Unavailable Product Owner:
Product Owners often tend to think that their job is to pass on the requirements to the Development Team and that is good enough to get the work done. They spend too much time with the end-customers, stakeholders or just writing detailed requirements for the team. On the other hand they spend too little time with the team and are mostly unavailable to the team when they are needed the most. This leads to the most common dysfunction – unavailable Product Owner which percolates to other dysfunctions.
Lack of Refinement:
Since Product Owner is often unavailable, the development team skips the Product Backlog Refinement sessions. As we are aware, Product Backlog Refinement is a collaborative session where the Product Backlog Items are refined and moved towards the ready state i.e. detailed enough, ordered and estimated. Ordering of Product Backlog Items is accountability of the Product Owner, as well as providing enough details around any Product Backlog Item is job of the PO. Now, since the PO is not available then the refinement doesn’t add any value.
As enough time is not spent in Product Backlog Refinement, the development team sees the requirements for the first time during the Sprint Planning. Since, refinement has not happened these requirements are often vague and ambiguous. The development often does not have clue how to move forward. They spend lot of time going over and over a single PBI and thus not making use of the Sprint Planning event to Inspect and Adapt for the Sprint.

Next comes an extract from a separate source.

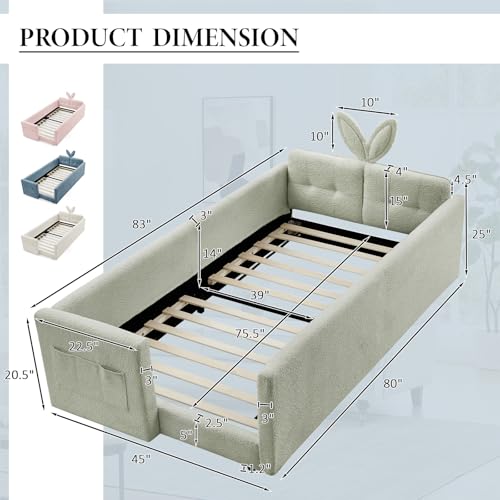 Image of Twin Size Bed Frame for Kids, Upholstered Daybed Frame Floor Bed with Safety Rails and Storage Pocket Cute Rabbit Ear Shaped Headboard for Kids Teens Boys Girls, Green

Since the team sees the PBIs for the first time during the Sprint Planning, they often do not have any clarity of how to approach the requirement, or they often overlook scenarios/complexities that may arise as they start implementing the requirements. As a result, the estimates provided by the team are either overestimated or underestimated. This in-turn leads to erroneous forecasts of what can be done during the Sprint or thereafter.
No Shared Commitment :
All the above four dysfunctions lead to the final dysfunction which is No Shared Commitment within the Scrum team. As the requirements are vague, the forecasts over/under estimated and there is no shared commitment within the Scrum Team, a tiff starts between the business (Product Owner) and delivery (the Development Team). A game of pointing fingers and highlighting what other has not done or could have done begins. None of which is conducive for the team to work as a cohesive unit.
There might be many more dysfunctions that might lead to not having a successful Sprint Planning event. These are few that I came across. As a Scrum Master it is always good to be vigilant about such dysfunctions, reveal them and help the team to overcome the dysfunctions.